Things Will be Different

And so it is this time around. As the Inslee Administration prepares its new effort, Heuschel says this too will be different.

The GMAP program, terminated in April in favor of the soon-to-launch Results Washington program, offers a few lessons, she said – but you really don’t want to do things quite the same way. Not every agency participated in the GMAP program, she said. All of state government will be involved in the new one. “I think the biggest difference is that we will do it as a system and get everyone’s buy-in on the journey, to have that focus. And you will see a difference with resources of time, energy, effort and funding.”

Under the new strategic plan, the Inslee administration will align its thinking around five goals – a world-class education system, a prosperous economy, leadership in green energy and a clean environment, healthy and safe communities, and efficient, effective and accountable government. Next task will be finding ways to measure the state’s performance. And the basic idea will be to align state government programs toward those goals, assigning them ambitious targets that will require them to stretch, giving them direction without being punitive.

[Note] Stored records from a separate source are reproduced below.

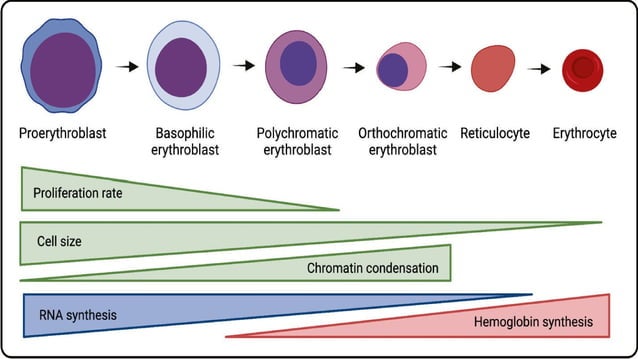 bone marrow & erythropoiesis histology.pptx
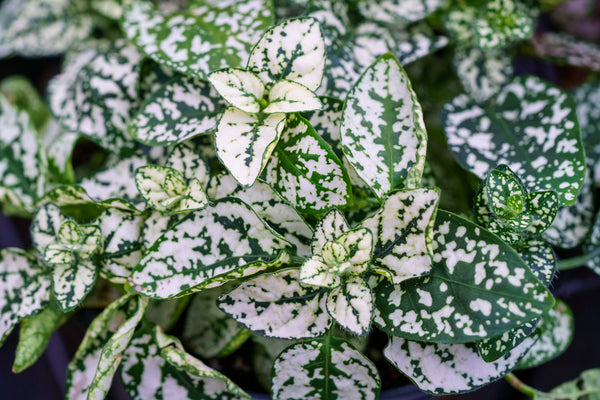 Polka Dot Plant
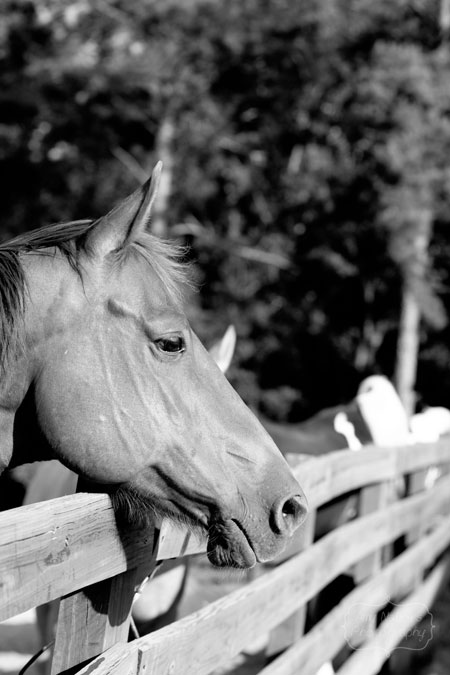 Horses_May192012_0005BW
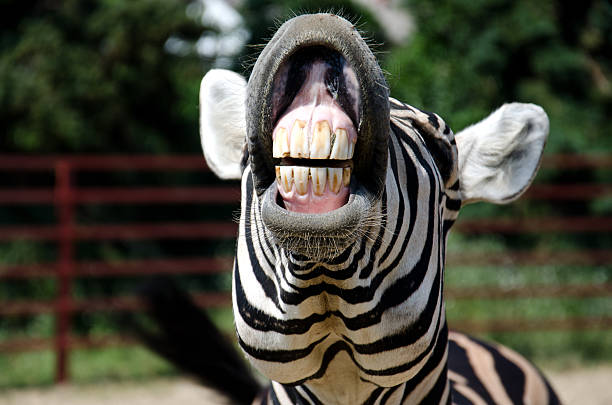 istock Close-up of zebra who is curling lips up and showing teeth 453243733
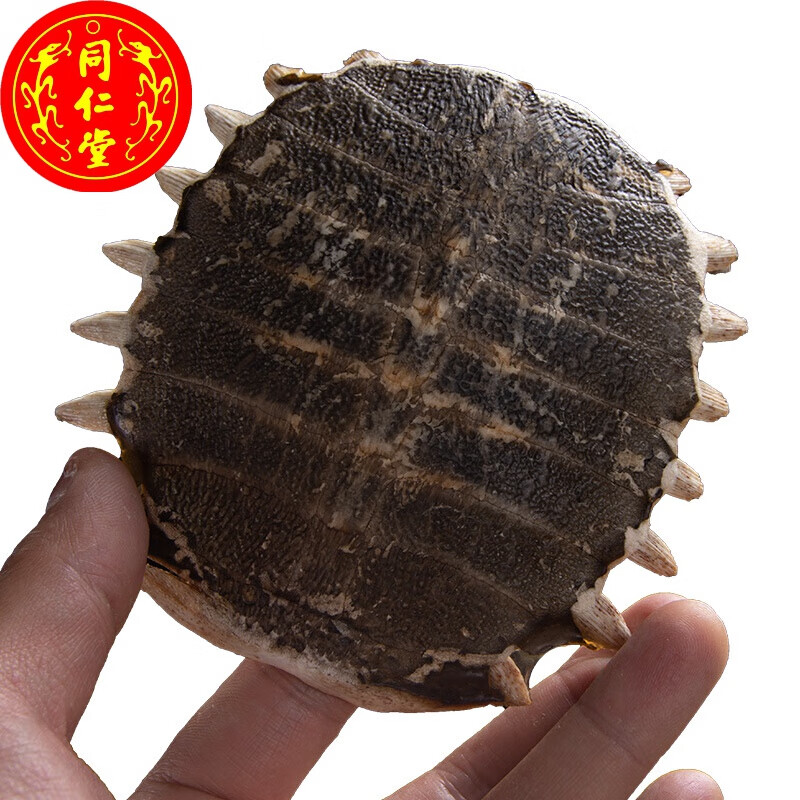 鳖甲中材250g生鳖甲鳖甲壳甲鱼壳团鱼壳鳖甲粉鳖盖子新货
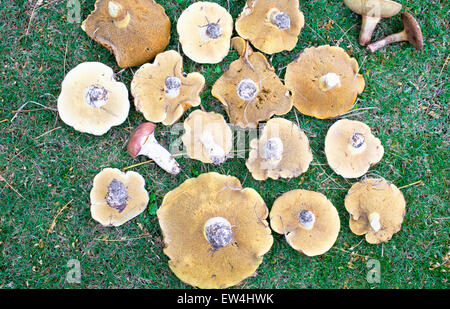 Bolete Pilze (rutschige Buben). Stockfoto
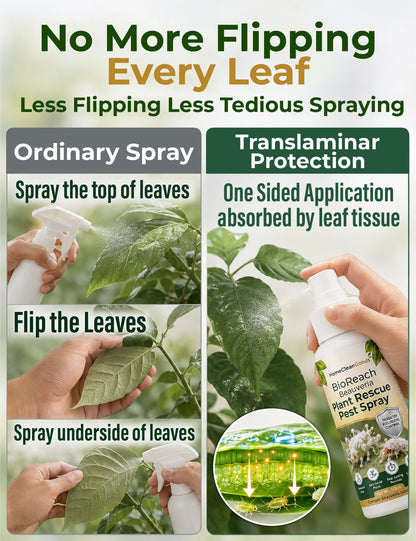 HomeCleanGoods™ BioReach Beauveria Plant Rescue Pest Spray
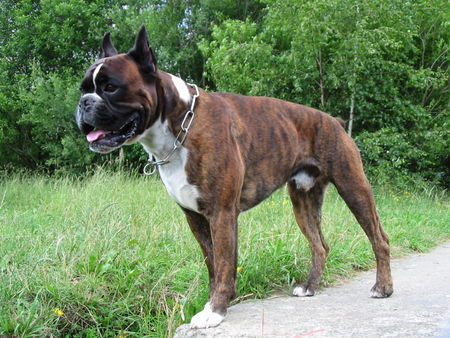 Boxer Hunde Foto 40543 in höherer Auflösung ansehen Boxer Fargo von reichersberg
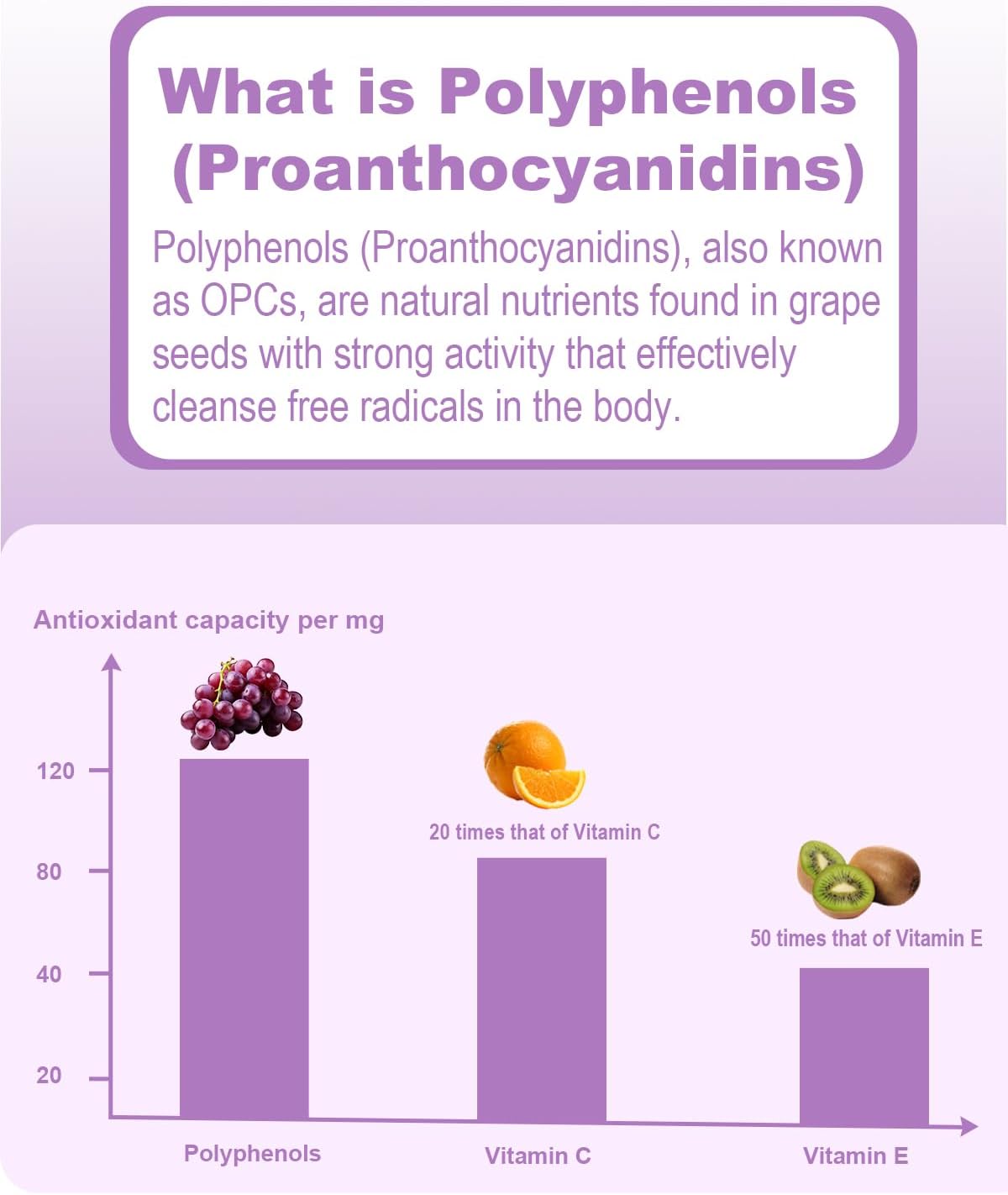 300mg Grape Seed Extract Liquid Supplement - Maximum Strength Tincture, 95% Polyphenols, Non-GMO - 60ml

Sounds like a no-brainer, sure, said Metzenbaum, who worked with 24 of the largest federal agencies in a similar goal-setting process under the Obama Administration. Since 1993 a federal law, the Government Performance and Results Act, has required strategic planning by federal agencies, and just as on the state level, every presidential administration has a bold new way to go about it. But details always are a problem – the measurements, the targets, the rewards or penalties. Meanwhile the public wonders what is taking so long. Metzenbaum now promotes performance management via the newly formed Volcker Alliance. “This is so common sense that if you are talking to someone from the public and you say what do you do for a living – I work with government agencies, I try to get them to set goals and manage performance with measurements – they will look at you and go, you mean we are not already doing that?”

Washington’s effort will establish it as a leader nationwide, Metzenbaum said, just as GMAP did a few years ago. “I think we are all on an exciting adventure together,” she said. “We’re making progress, and a sea change is under way.” Hope springs eternal.